Neal Stephenson, an author and technology consultant, wants ”big ideas” to inspire young scientists and engineers. In 2012, he partnered with the Center for Science and the Imagination (CSI) at Arizona State University to create Project Hieroglyph, a web-based project that provides ”a space for writers, scientists, artists and engineers to collaborate on creative, ambitious visions of our near future.”

Meanwhile, Jordin Kare, an astrophysicist at the Seattle-based tech company LaserMotive, has stressed that, ”Some of the people who are doing the most exploratory thinking in science have a connection to the science-fiction world.”

"It is a chicken and the egg scenario: we construct our environment, our environment constructs us."
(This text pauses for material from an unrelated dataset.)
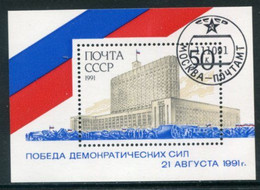 SOVIET UNION 1991 Victory Of Democratic Forces Block Used.  Michel Block 220 - Usati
Cory Doctorow, a novelist, activist and co-editor of the blog Boing Boing, is one such person, listing Disney and Tesla among the clients for whom he has imagined theoretical futures. ”I really like design fiction or prototyping,” he told the Smithsonian. ”There is nothing weird about a company doing this – commissioning a story about people using a technology to decide if the technology is worth following through on. It’s like an architect creating a virtual fly-through of a building.”

Most companies keep their design fiction under lock and key – part of its appeal is that it is closely guarded intellectual property. But occasionally, the public does get a glimpse.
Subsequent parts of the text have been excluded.